(Provided information Opens)

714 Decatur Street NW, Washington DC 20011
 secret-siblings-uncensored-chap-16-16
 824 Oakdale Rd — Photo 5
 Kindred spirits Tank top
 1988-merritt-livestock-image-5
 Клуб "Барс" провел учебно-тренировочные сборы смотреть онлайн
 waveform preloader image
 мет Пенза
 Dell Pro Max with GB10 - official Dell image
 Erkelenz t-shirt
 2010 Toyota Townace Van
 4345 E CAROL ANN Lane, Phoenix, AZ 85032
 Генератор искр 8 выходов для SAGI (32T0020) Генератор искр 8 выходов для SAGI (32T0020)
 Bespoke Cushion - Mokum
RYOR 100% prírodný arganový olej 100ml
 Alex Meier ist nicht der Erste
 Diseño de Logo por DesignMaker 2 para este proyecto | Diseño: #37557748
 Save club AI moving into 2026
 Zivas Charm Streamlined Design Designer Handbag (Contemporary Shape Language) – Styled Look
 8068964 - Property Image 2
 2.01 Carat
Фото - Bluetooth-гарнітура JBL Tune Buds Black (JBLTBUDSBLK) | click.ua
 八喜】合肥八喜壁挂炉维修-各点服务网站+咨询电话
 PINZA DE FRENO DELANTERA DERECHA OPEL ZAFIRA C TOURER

(Provided information Closes)

[What the task asks]: Return the data above in full, keeping each line exactly as it stands.

[Task result]:
714 Decatur Street NW, Washington DC 20011
 secret-siblings-uncensored-chap-16-16
 824 Oakdale Rd — Photo 5
 Kindred spirits Tank top
 1988-merritt-livestock-image-5
 Клуб "Барс" провел учебно-тренировочные сборы смотреть онлайн
 waveform preloader image
 мет Пенза
 Dell Pro Max with GB10 - official Dell image
 Erkelenz t-shirt
 2010 Toyota Townace Van
 4345 E CAROL ANN Lane, Phoenix, AZ 85032
 Генератор искр 8 выходов для SAGI (32T0020) Генератор искр 8 выходов для SAGI (32T0020)
 Bespoke Cushion - Mokum
RYOR 100% prírodný arganový olej 100ml
 Alex Meier ist nicht der Erste
 Diseño de Logo por DesignMaker 2 para este proyecto | Diseño: #37557748
 Save club AI moving into 2026
 Zivas Charm Streamlined Design Designer Handbag (Contemporary Shape Language) – Styled Look
 8068964 - Property Image 2
 2.01 Carat
Фото - Bluetooth-гарнітура JBL Tune Buds Black (JBLTBUDSBLK) | click.ua
 八喜】合肥八喜壁挂炉维修-各点服务网站+咨询电话
 PINZA DE FRENO DELANTERA DERECHA OPEL ZAFIRA C TOURER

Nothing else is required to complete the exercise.